> [Supplied information]
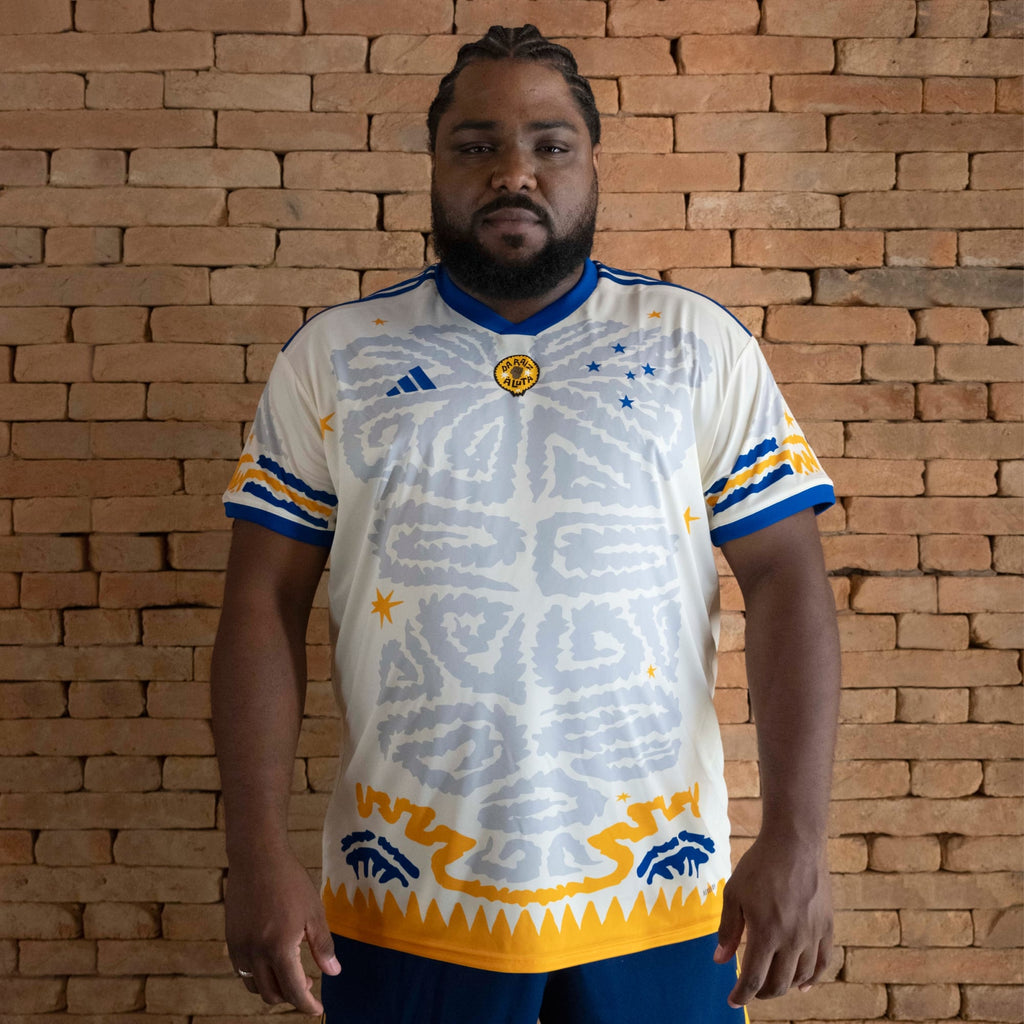 Camisa Consciência Negra Cruzeiro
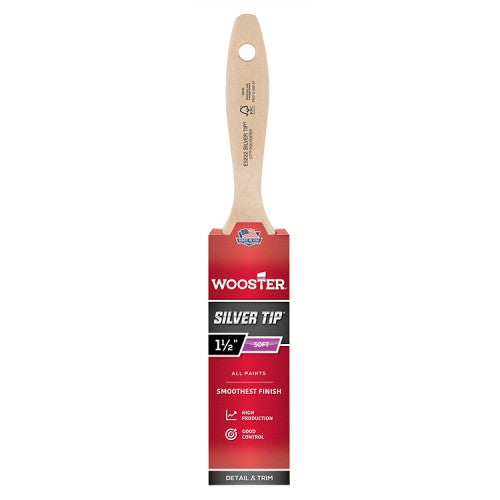 Wooster Silver Tip Varnish 1.5" Paint Brush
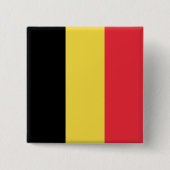 belgische Flagge Button (Vorderseite)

> [Exercise prompt] Please write the data out again exactly, but do not carry over the pictures.

> [Response to this task]
 Camisa Consciência Negra Cruzeiro
 Wooster Silver Tip Varnish 1.5" Paint Brush
 belgische Flagge Button (Vorderseite)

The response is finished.